Walking out my door into the snowflakes, this morning the air was suspended. No hurry in passing. I watched the large sparkling crystal flakes waft past me. Winter dandelions.

I go to Walden, into that timeless space inside my mind. That happens on those occasions when nature takes me into her lair.


I am standing on the white expanse of Walden, a tiny creature insignificant as a mound of discolored snow, on the brilliant stillness that she has become. Ice unflowing water.

I spread my arms hungry for the sun and I become a tree, rooted in her snow, reaching into heaven. Connecting.

I feel pulling, a need to bend my trunk. Right. Unbalanced? It’s ok for a tree to lean, to ask for support. The wind asks it of trees, doesn’t she?

The woods near Walden are smattered white and brown and wet. They speak silent trickles of melting snow. Birds I used to think were gone for the winter make their cheeping song.
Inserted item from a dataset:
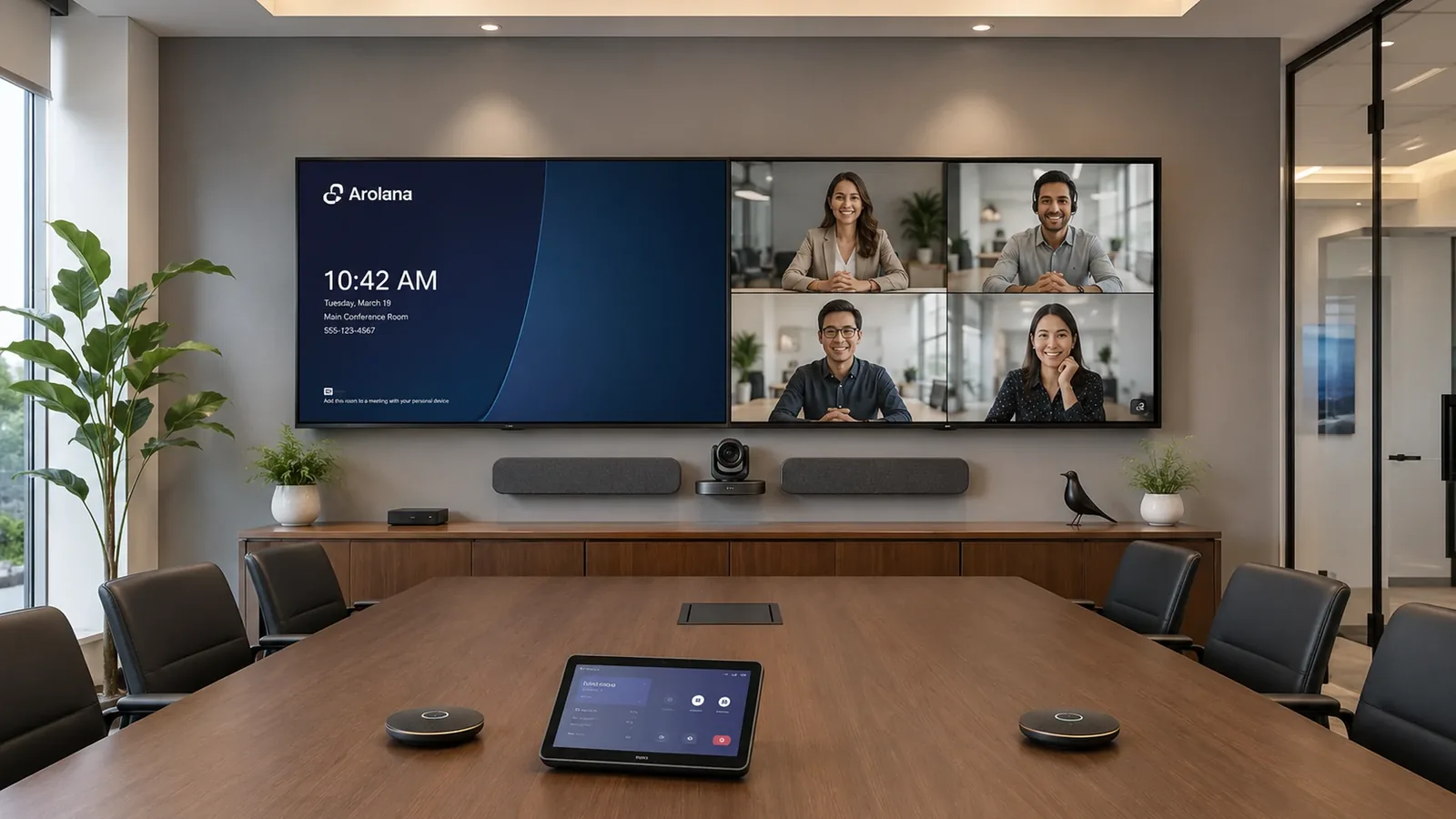 Everything Your Meeting Room Needs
Brown sodden leaves are weeping mats, a fallen past bent over stumps of aged trees. Black mud drizzles ice and puddles.


Yesterday I was lamenting about not having seen water for what seems like ages. Water in ponds, in rivers, water running. Not run off, not murky pools on roadsides of used to be snow melting in the midday temperatures over freezing. Real water, like I could immerse myself in on warmer days. It is everywhere, yet it is not to be seen. Hiding under white and grey and more white falling on white.

Yet I know when I open my eyes again to the rain and see it has melted on the trunk where a moment ago there was a soft white fluttering, that soon the water will be back to hold my body again.